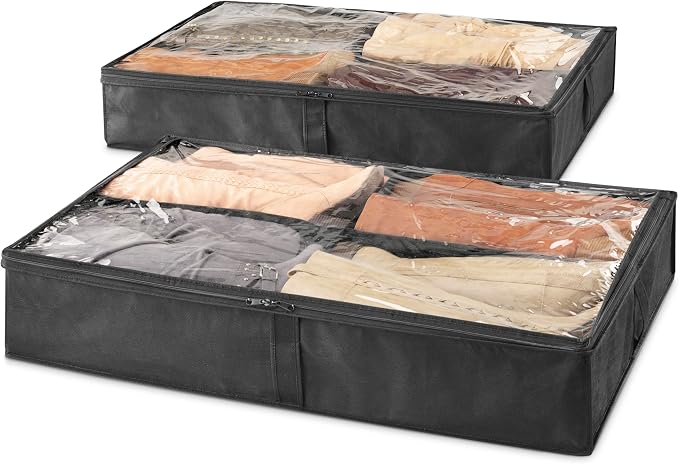 Whitmor 4 Section Underbed Boot Bag Set of 2 - Image 2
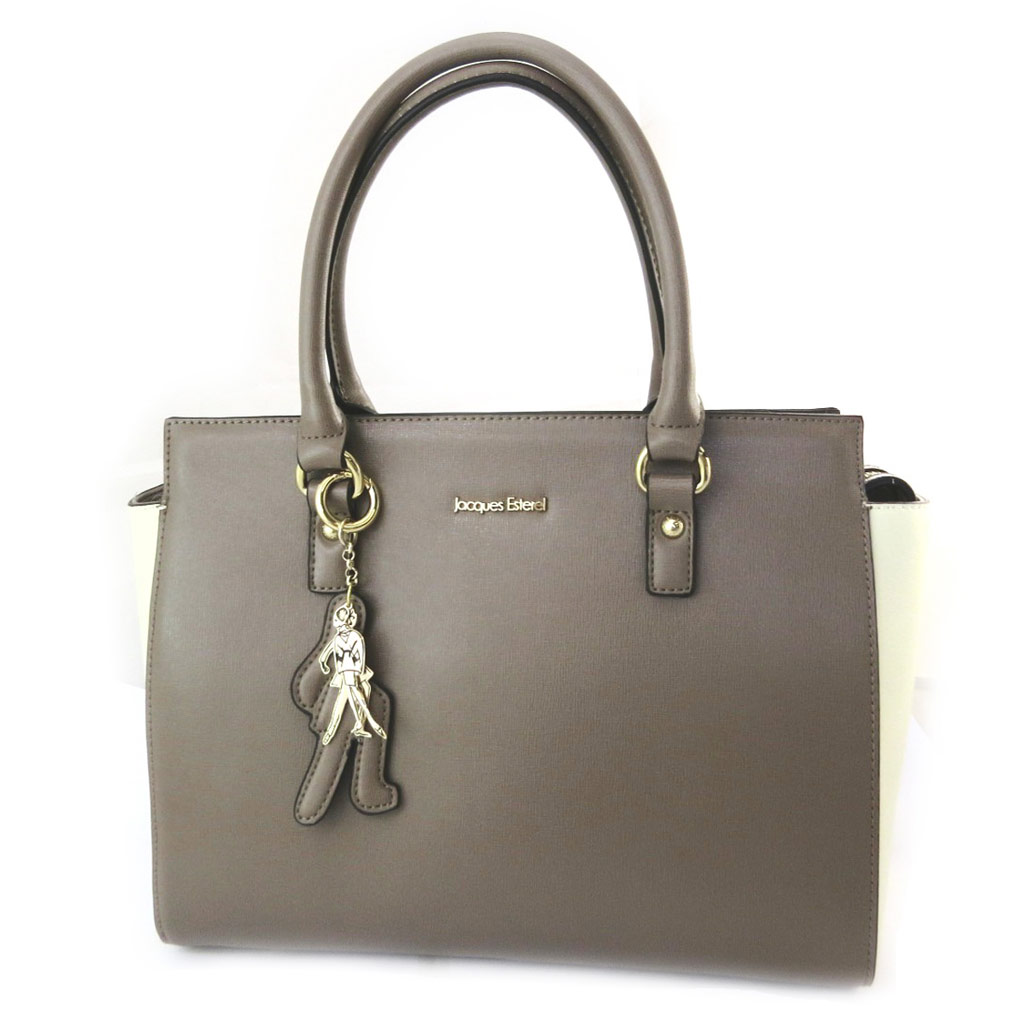 Sac En Cuir Vintage Jacques Esterel - Noir, Porté épaule, Doublure Cuir, Occasion Bon état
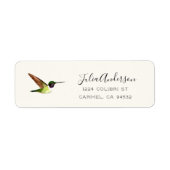 Anna's Hummingbird Return Address Label (Vorne)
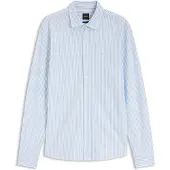 BOSS Camisa 'Mysoft_2' azul pastel / blanco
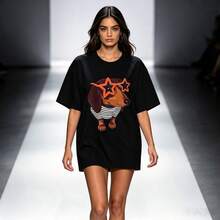 Women Senior T-Shirts & Tops - Black - View 2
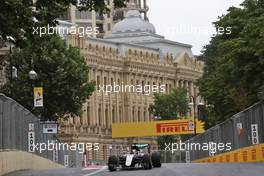 Lewis Hamilton (GBR) Mercedes AMG F1 W07 Hybrid. 17.06.2016. Formula 1 World Championship, Rd 8, European Grand Prix, Baku Street Circuit, Azerbaijan, Practice Day.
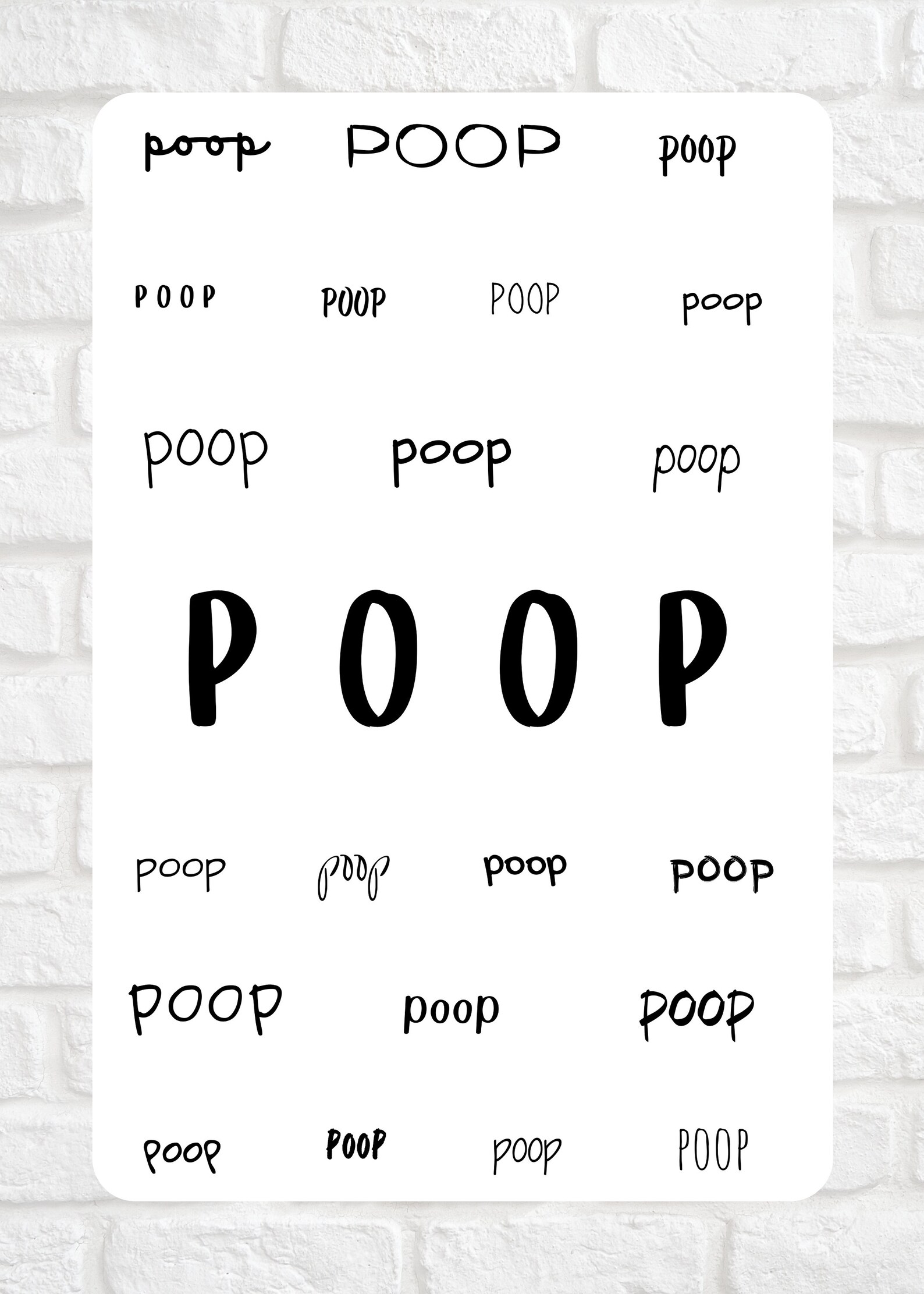 Fancy Poop planner stickers funny whimsy adult humor stickers Etsy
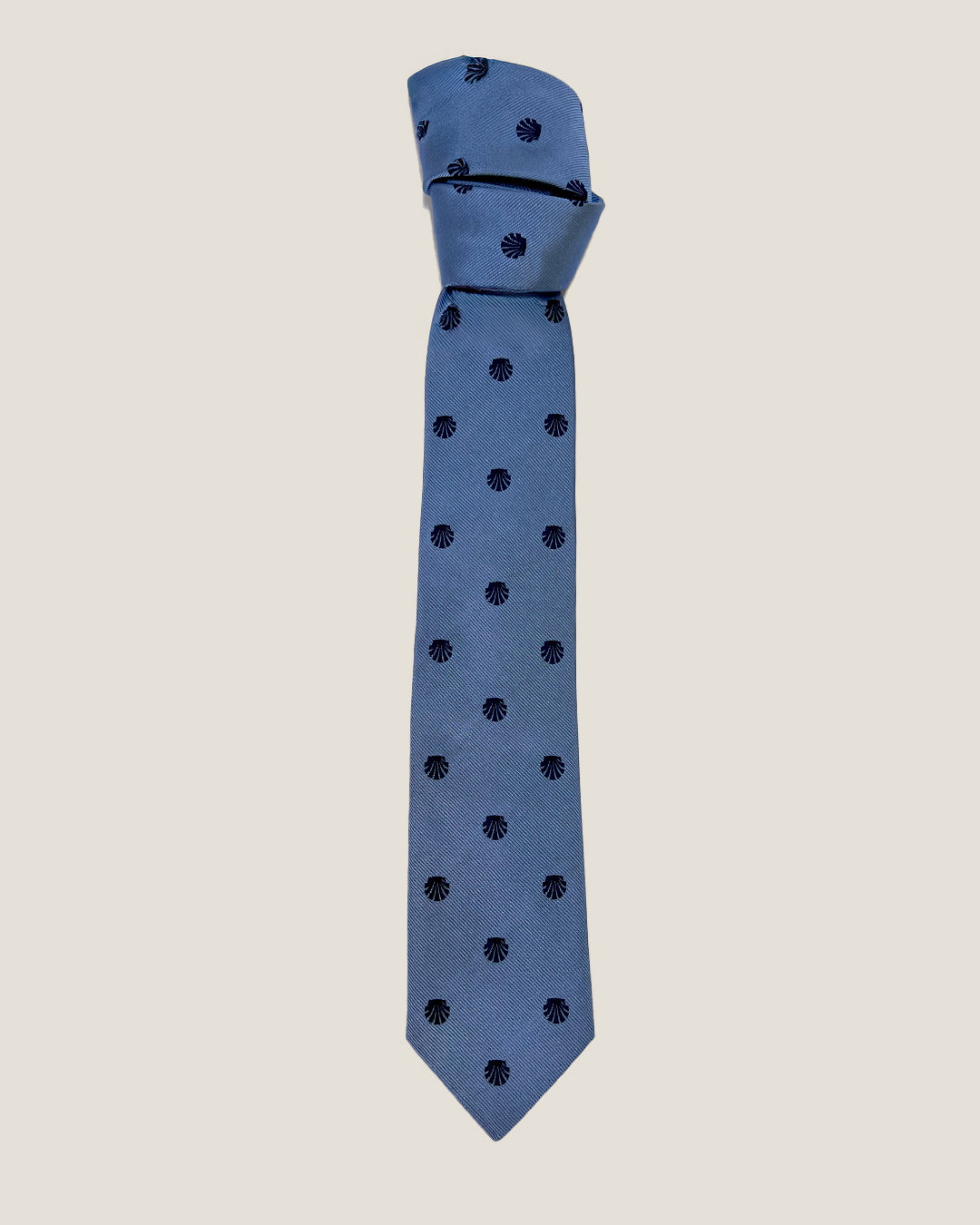 CORBATA CONCHA CELESTE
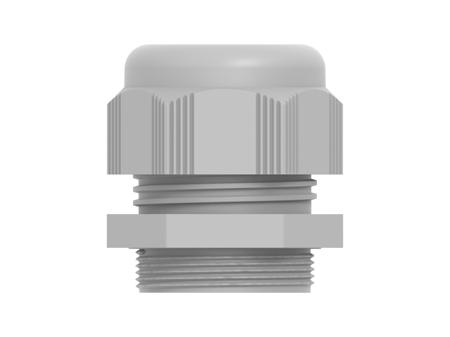 1SNG601124R0000 1SNG Series Light Grey PA 6 Cable Gland, M40 Thread, 19mm Min, 28mm Max, IP66, IP68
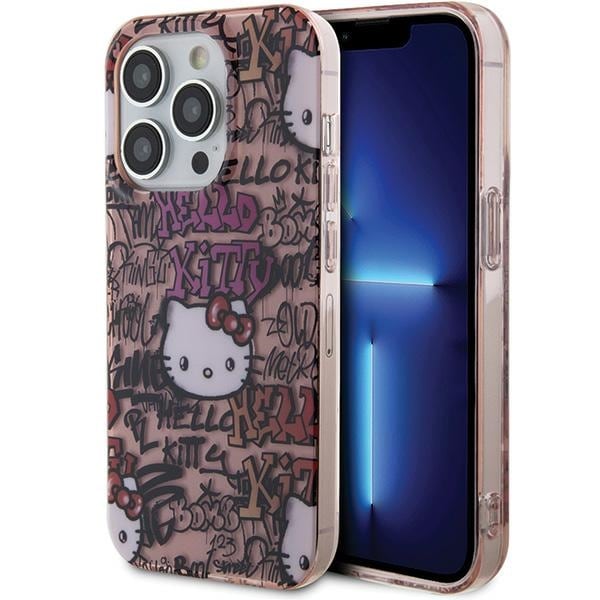 Hello Kitty IML Tags Graffiti-etui for iPhone 14 Pro - rosa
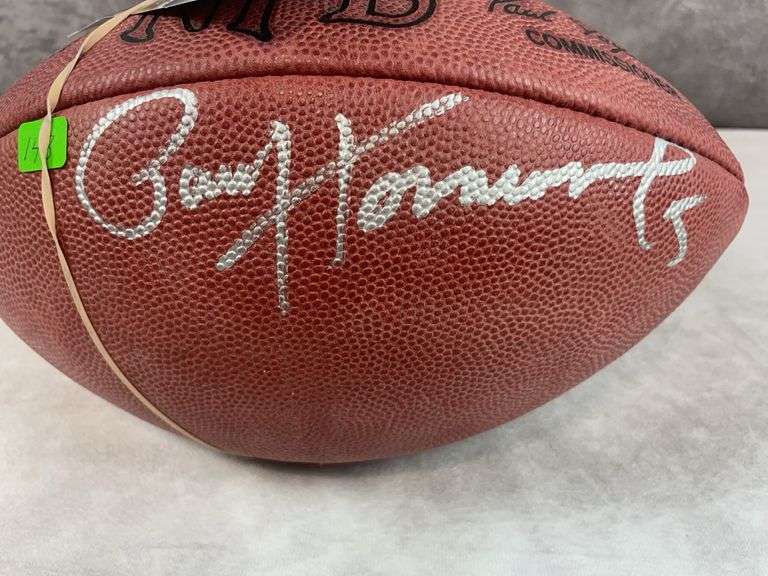 Paul Hornung signed full-sized football, JSA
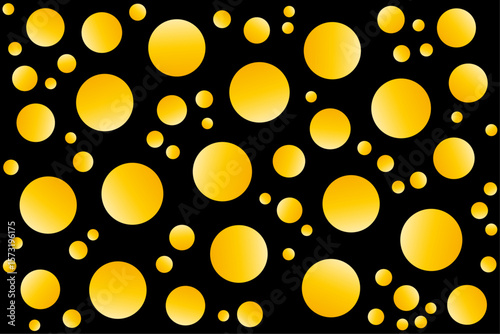 Golden circles on a black background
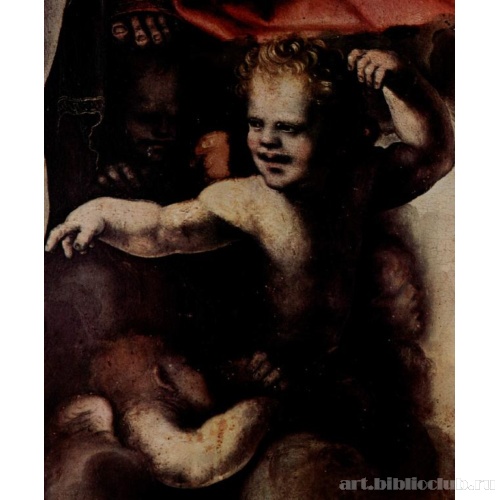 Триптих Троицы, центральная створка. Деталь: Ангел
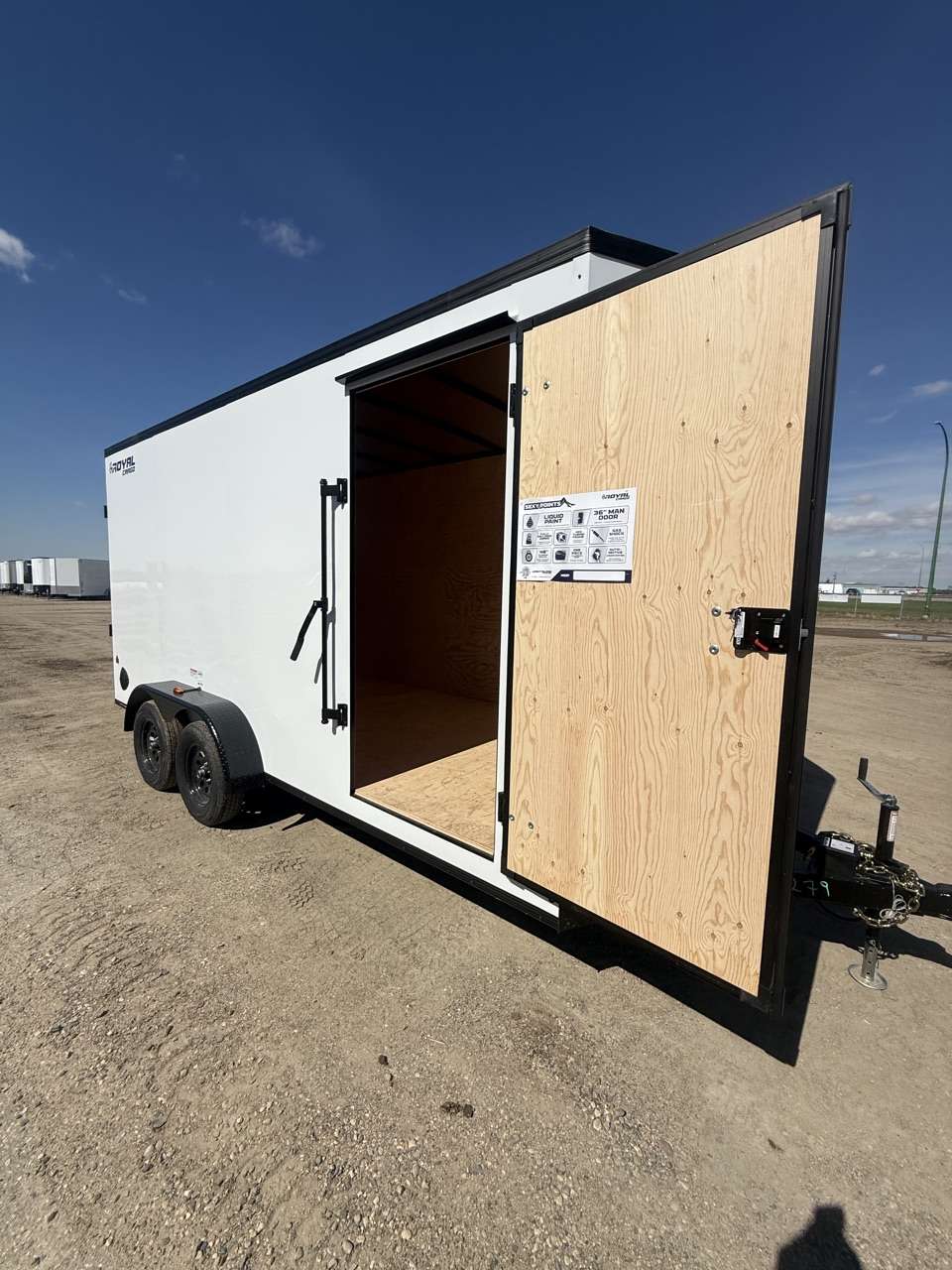 2027 Royal LCH 7' x 16' + V-Nose Cargo Trailer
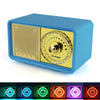 Reacher Retro Blue Bluetooth Speakers with Color Changeable Night Light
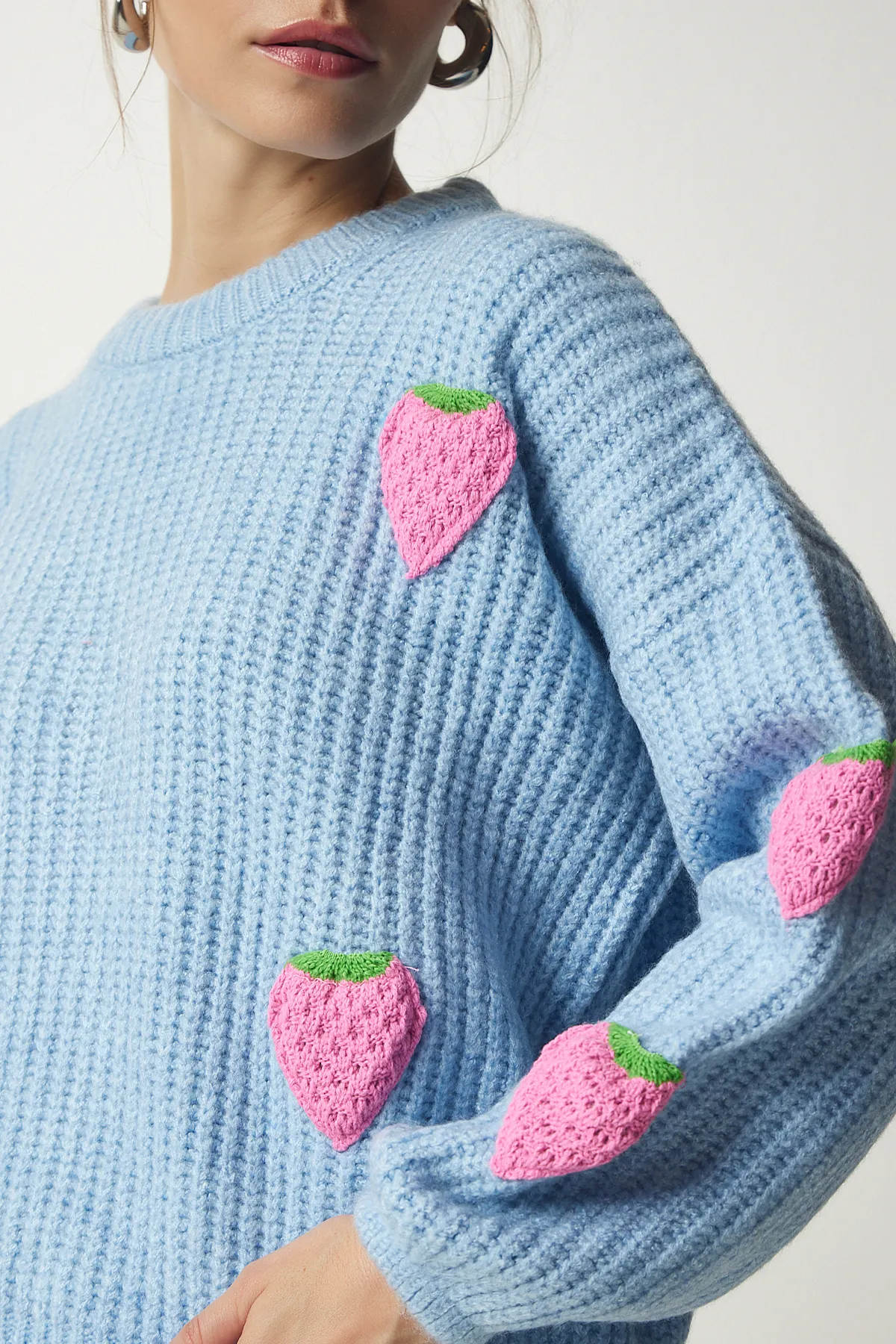Happiness İstanbul  Pullover - Blau - Regular Fit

◆ ◆ ◆

## Work to complete
Copy exactly and only this span: the line with "Reacher Retro Blue" through the final line of the entries, both ends included, with the pictures left out.

## Answer area
 Reacher Retro Blue Bluetooth Speakers with Color Changeable Night Light
Happiness İstanbul  Pullover - Blau - Regular Fit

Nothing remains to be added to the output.